§ Problem: Find every line below where the string "avec" shows up, and copy those lines.

Task input below:

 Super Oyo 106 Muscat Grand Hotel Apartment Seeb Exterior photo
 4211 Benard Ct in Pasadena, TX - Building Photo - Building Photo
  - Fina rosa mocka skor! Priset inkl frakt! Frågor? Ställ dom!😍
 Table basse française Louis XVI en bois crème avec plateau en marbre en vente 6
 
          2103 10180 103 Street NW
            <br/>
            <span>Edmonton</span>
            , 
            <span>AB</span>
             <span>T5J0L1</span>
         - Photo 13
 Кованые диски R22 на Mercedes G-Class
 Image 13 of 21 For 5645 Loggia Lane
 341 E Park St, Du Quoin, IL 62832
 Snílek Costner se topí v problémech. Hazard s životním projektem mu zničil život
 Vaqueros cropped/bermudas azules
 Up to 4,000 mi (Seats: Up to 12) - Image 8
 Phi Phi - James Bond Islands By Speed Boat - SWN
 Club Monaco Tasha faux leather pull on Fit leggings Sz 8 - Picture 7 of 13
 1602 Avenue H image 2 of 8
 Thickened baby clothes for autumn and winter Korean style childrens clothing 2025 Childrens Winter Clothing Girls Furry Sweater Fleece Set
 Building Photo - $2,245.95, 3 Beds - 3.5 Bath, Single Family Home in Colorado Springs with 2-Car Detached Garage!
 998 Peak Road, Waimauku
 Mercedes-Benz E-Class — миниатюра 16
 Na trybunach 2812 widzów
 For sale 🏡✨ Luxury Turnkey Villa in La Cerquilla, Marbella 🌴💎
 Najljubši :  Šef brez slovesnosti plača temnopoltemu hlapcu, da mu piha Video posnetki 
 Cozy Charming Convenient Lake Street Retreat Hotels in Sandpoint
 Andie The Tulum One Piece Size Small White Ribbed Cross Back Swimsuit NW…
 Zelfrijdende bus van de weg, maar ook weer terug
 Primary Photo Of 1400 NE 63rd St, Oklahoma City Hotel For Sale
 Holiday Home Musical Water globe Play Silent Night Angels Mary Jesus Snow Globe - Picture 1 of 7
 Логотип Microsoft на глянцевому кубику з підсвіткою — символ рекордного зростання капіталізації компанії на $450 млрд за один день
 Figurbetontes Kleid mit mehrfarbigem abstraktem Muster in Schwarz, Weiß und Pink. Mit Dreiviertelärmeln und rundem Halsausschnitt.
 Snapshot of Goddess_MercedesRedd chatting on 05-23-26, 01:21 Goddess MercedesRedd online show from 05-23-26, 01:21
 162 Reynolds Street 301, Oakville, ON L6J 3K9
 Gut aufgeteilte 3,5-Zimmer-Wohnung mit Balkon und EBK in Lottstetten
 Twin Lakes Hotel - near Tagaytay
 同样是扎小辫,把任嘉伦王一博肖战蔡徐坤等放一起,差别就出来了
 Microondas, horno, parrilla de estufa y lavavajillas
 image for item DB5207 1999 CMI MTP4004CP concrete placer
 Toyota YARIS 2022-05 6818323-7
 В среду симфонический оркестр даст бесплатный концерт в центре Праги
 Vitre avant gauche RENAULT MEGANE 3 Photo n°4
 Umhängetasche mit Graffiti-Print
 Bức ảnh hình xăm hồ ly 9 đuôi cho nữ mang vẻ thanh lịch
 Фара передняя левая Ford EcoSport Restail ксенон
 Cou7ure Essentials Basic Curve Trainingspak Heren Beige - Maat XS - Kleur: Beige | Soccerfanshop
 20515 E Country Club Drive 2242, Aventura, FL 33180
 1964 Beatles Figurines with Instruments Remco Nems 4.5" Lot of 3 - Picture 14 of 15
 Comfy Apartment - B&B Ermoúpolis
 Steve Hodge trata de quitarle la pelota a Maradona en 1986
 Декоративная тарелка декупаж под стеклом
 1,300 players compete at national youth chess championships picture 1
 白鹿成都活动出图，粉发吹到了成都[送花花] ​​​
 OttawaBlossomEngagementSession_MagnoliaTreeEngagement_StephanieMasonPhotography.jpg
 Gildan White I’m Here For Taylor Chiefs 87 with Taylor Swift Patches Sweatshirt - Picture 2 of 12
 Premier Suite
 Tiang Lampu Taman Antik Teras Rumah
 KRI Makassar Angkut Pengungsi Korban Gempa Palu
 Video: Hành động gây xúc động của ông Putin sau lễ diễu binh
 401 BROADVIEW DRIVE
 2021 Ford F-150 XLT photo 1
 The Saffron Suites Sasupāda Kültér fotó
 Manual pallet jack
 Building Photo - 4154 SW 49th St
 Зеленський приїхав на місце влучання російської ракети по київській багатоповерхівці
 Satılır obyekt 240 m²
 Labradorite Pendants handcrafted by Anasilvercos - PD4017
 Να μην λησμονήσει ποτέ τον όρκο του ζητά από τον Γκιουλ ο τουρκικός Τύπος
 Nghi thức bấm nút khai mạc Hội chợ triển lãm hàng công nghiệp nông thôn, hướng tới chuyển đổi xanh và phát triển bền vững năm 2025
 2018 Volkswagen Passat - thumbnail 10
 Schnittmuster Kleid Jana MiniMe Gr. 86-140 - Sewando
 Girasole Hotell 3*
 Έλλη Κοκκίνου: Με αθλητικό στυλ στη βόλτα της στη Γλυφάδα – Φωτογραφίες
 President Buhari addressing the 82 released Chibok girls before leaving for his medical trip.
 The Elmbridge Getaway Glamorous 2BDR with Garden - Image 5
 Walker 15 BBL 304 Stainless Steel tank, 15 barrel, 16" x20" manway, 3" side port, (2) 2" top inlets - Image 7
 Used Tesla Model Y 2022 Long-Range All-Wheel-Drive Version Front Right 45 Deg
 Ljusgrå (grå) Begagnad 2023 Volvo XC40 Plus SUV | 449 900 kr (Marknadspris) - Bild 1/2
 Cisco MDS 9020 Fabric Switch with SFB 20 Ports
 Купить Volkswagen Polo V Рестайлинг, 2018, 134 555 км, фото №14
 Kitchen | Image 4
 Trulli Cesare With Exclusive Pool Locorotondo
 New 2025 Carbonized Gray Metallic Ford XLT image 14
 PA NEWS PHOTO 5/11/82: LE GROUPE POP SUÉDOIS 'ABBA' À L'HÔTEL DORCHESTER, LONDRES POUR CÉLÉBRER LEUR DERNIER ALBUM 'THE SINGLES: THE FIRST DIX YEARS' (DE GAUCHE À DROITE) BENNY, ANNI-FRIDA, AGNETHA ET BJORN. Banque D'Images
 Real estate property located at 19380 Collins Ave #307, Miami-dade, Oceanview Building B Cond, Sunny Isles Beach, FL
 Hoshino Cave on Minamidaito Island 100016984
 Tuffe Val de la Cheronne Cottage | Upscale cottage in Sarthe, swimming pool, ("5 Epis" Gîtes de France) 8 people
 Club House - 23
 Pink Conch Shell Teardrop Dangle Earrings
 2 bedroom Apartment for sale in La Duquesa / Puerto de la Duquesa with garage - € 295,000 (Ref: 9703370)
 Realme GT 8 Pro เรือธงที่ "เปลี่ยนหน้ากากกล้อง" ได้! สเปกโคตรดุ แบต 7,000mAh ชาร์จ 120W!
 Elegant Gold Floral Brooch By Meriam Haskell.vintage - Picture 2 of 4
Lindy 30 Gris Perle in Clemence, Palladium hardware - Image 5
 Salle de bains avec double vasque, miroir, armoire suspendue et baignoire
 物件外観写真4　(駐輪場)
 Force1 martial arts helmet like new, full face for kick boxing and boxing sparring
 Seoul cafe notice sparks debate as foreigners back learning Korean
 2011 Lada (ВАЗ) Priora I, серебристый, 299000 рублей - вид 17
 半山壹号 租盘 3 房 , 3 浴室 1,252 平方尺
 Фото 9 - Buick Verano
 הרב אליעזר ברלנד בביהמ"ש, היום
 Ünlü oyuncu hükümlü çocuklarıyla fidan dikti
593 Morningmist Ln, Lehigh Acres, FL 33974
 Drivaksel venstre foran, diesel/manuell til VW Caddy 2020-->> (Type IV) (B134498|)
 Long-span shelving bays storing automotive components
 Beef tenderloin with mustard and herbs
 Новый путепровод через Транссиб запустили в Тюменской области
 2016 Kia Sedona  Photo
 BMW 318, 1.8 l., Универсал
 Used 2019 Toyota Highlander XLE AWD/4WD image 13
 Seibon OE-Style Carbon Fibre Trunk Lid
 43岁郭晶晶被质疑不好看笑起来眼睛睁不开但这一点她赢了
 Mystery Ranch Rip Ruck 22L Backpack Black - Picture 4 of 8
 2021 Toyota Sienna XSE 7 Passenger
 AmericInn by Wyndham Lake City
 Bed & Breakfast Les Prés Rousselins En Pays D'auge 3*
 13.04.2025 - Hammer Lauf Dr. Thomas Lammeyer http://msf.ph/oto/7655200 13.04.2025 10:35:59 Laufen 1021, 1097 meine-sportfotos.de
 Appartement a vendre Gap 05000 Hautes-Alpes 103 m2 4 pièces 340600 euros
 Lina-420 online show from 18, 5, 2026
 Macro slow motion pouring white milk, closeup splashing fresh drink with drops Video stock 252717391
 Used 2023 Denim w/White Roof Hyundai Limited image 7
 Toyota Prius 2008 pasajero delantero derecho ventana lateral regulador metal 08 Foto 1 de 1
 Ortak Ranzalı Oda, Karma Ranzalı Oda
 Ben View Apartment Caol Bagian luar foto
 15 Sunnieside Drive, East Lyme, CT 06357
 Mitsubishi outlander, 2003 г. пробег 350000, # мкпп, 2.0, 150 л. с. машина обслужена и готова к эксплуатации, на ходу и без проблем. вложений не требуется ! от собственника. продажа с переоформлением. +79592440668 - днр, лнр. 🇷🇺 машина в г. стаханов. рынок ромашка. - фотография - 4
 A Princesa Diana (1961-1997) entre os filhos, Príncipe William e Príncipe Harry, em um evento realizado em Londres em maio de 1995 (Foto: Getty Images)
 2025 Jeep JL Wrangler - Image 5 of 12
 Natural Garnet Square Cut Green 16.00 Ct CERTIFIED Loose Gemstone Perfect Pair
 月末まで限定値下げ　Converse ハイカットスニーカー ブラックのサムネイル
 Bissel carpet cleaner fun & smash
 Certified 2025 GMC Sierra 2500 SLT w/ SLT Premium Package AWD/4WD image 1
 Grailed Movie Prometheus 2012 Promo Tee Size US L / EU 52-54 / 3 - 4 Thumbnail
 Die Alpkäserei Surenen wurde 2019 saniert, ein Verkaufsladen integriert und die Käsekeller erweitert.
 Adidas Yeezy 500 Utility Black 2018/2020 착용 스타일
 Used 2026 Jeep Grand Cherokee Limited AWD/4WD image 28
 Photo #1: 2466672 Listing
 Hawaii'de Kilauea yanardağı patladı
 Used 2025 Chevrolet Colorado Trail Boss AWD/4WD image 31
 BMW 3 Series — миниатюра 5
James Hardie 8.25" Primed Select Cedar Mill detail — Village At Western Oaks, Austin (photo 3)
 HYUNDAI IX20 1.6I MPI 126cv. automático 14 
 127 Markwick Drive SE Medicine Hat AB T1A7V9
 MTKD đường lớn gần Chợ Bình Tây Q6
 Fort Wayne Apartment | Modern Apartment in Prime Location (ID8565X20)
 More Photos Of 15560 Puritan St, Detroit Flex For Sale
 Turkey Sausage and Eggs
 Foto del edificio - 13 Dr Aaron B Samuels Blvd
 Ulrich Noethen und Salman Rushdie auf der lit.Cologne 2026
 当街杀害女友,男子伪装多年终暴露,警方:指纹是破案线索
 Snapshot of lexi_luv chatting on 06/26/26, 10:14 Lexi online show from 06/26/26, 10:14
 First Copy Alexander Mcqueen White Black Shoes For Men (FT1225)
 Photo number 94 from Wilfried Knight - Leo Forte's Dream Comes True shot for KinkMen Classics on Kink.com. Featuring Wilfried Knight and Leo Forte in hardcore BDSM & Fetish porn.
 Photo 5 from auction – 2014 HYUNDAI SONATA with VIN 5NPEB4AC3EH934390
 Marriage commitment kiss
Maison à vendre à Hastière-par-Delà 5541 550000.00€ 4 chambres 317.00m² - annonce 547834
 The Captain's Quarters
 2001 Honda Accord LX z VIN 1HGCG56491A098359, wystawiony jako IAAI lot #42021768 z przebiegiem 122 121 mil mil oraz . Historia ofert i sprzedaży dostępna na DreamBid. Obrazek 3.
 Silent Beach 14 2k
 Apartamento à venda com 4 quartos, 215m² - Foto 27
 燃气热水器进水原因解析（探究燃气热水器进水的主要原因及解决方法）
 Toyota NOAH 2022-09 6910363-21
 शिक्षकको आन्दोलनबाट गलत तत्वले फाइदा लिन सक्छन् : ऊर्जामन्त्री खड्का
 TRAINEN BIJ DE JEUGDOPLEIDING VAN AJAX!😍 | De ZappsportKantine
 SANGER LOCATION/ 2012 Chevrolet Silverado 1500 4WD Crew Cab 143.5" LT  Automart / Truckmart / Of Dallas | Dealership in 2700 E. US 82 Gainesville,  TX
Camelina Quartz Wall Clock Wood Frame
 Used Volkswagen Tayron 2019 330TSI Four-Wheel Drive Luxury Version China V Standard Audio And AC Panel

End of Task input.

§ Response area:
 Table basse française Louis XVI en bois crème avec plateau en marbre en vente 6
 Salle de bains avec double vasque, miroir, armoire suspendue et baignoire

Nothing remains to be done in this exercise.